No lack of character but occasional deviations from the score

Dudok Quartet Amsterdam: Tchaikovsky

The Strad Issue: June 2024

Description: No lack of character but occasional deviations from the score

Musicians: Dudok Quartet Amsterdam

Works: Tchaikovsky: String Quartets vol.1: no.1 in D major op.11, no.2 in F major op.22; Eugene Onegin: Lensky’s Aria (arr.David Faber)

Catalogue number: RUBICON CLASSICS RCD1103

The opening movement of Tchaikovsky’s First String Quartet flows along nicely, but a persistent feature of the recording soon appears: when cellist David Faber takes the melody in the exposition, the semiquavers of first violinist Judith van Driel all but disappear. Still, Driel makes up for it with her neatly executed semiquavers in the development. The famous Andante cantabile is simply and effectively played, with some judicious portamento in the central section. The Scherzo is sturdy, rustic stuff, with biting accents and crisp staccatos, but the Dudok dynamics are not the same as Tchaikovsky’s, and his diminuendo sin al fine just doesn’t happen. In the finale, the solos in the viola and cello again come firmly to the fore as their colleagues recede.

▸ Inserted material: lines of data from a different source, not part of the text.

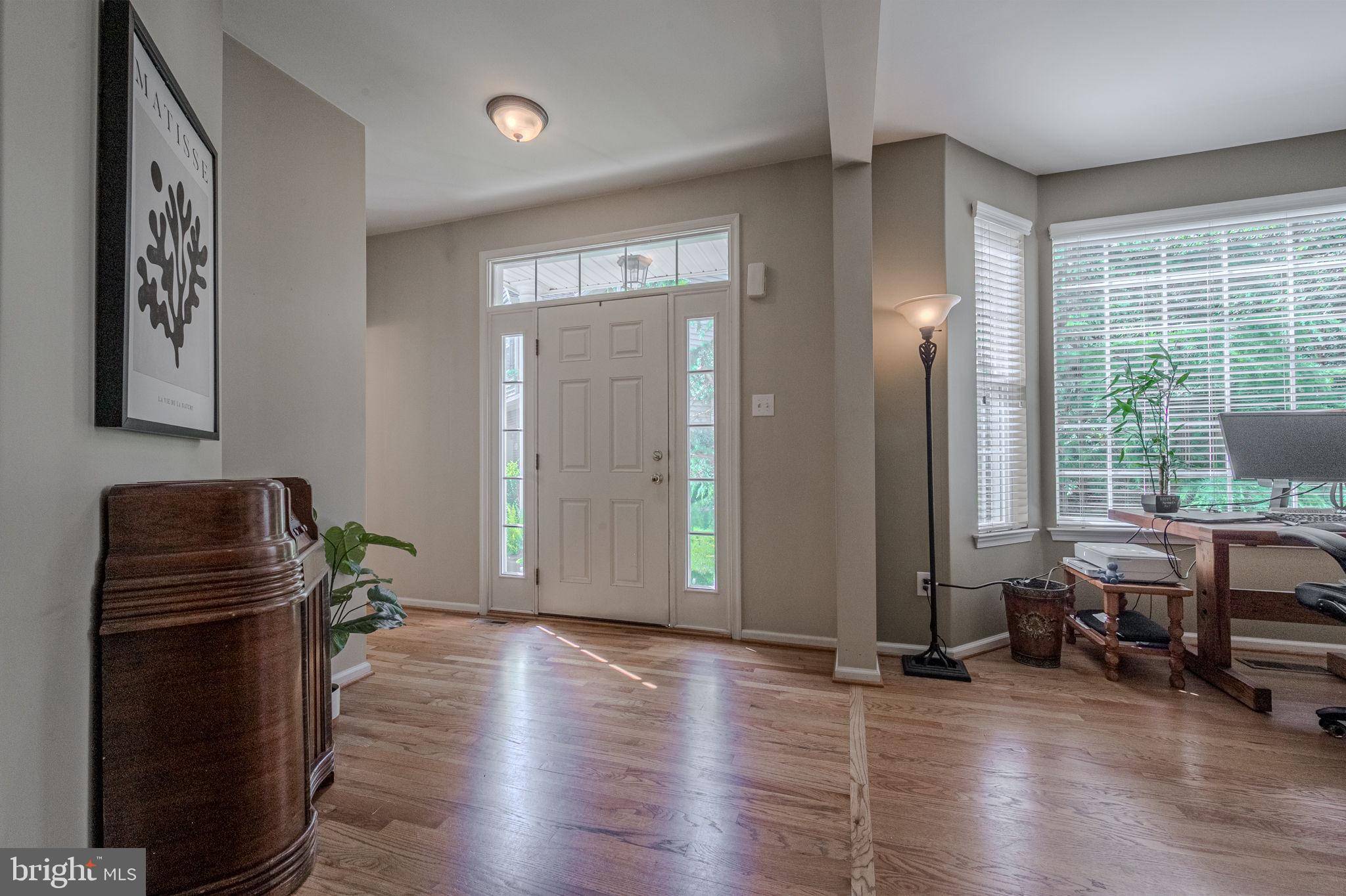 Kennett Square, PA 19348,274 CHERRY LN #32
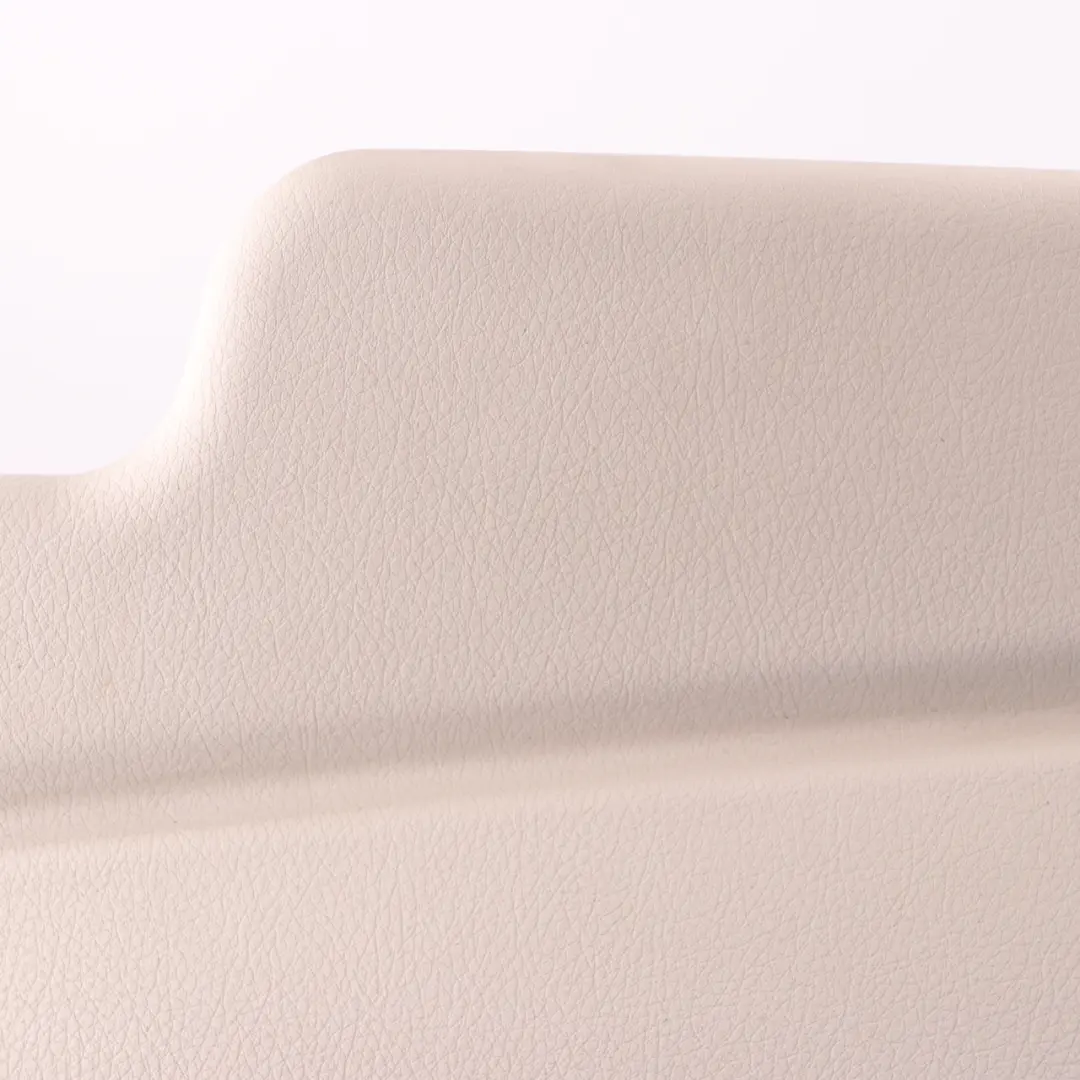 Centre Console Trim BMW F12 F13 Panel Cover Front Left N/S Ivory White to with Part number 9228819 Centre Console Trim BMW F12 F13 Panel Cover Front Left N/S Ivory White - SKU rhd-9228819 - Part number 9228819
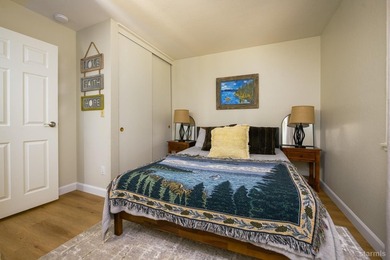 Welcome to your waterfront retreat in the coveted Tahoe Keys - photo 23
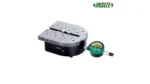 Banc de mesure universel pour comparaison INSIZE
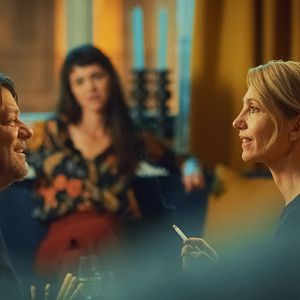 Fotoğraf Roeland Wiesnekker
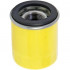 Briggs&Stratton Filtru ulei motor d48x60mm briggs & stratton 825ex 850e 850ex 875ex 950 1000 series 190cc 203cc 205cc commercial [6]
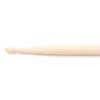 W-2BM Wincent  pair of maple drumsticks 2B, 410 x 15.8mm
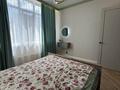 2-комнатная квартира · 44 м², Е-429 14/1 за 300 000 ₸ в Астане, Нура р-н — фото 6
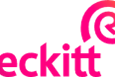 Reckitt Wins First-Ever Gold Lion & Total of Six Wins at Annual Cannes Lions Festival of Creativity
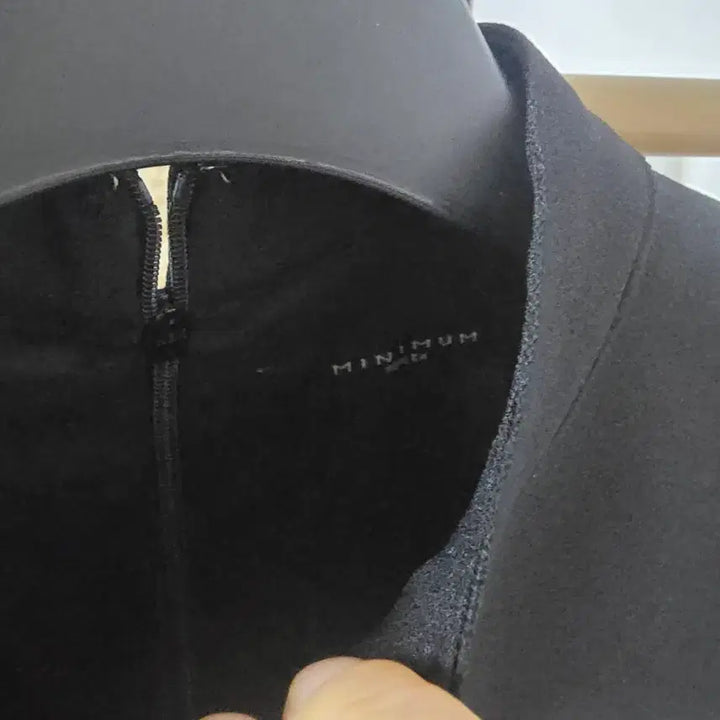 [BUNJANG] Minimum Dress / 미니멈 원피스 새상품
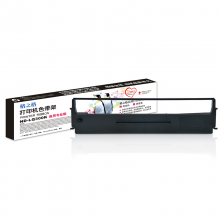 格之格 ND-LQ300K商用专业版 打印机色带架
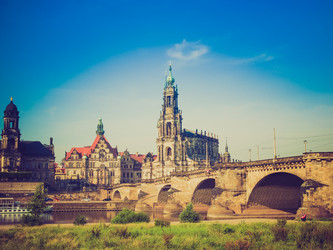 Similar image 6509465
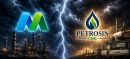 Mari Energies Rejects Petrosin Contract Claims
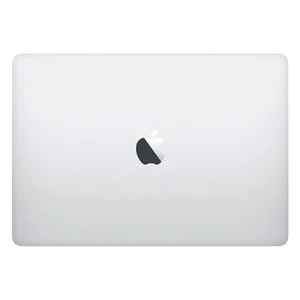 Apple MacBook Pro 15" 512Gb Silver 2018 (MR972) - Фото 2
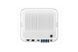 Сетевой инвертор Victron Energy SUN 2000-8KTL M1 (High current) SUN 2000-8KTL M1 фото 7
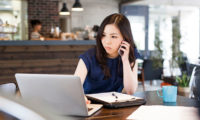 Aditi-Mar-2020-WFH-phone-etiquette-Korn-Ferry-iStock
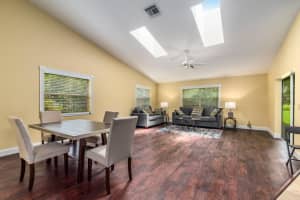 3141 SE Bedford St, Stuart, FL 34997, Sold 02/11/20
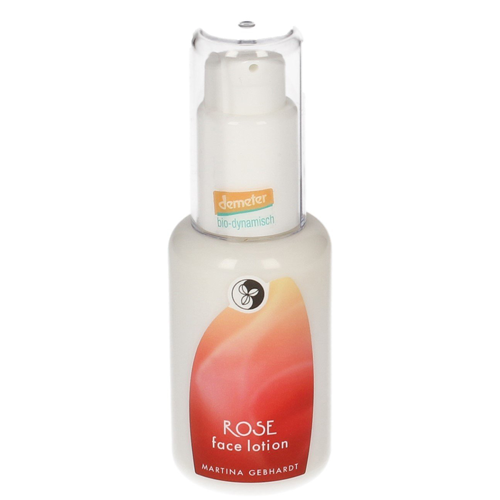 martina-gebhardt-rose-lotion-30-ml-460876-en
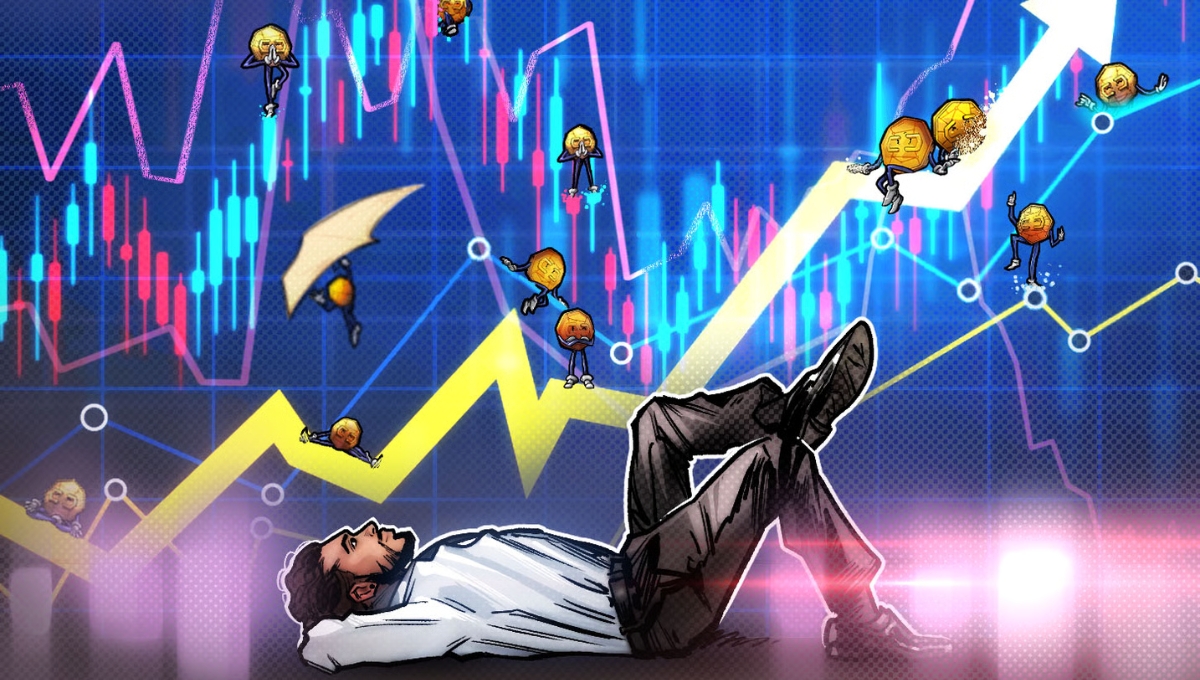 Metaplanet Paves the Way for $3.7 Billion Bitcoin Accumulation Strategy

The Dudok players make the most of the chromatic dissonances at the opening of the Second Quartet, and Driel plays her recitative with passion and flair, and there is tender playing to come after the energetic scrubbing, and a heroic, muscular climax. They are delicate in the quixotic scherzo, with its quirky time signature, and there is gentle good humour in the central L’istesso tempo. The Andante has an easy grace until Tchaikovsky ratchets up the power, and the finale is equally genial, with clear textures in the fugue. The recording is close and warm.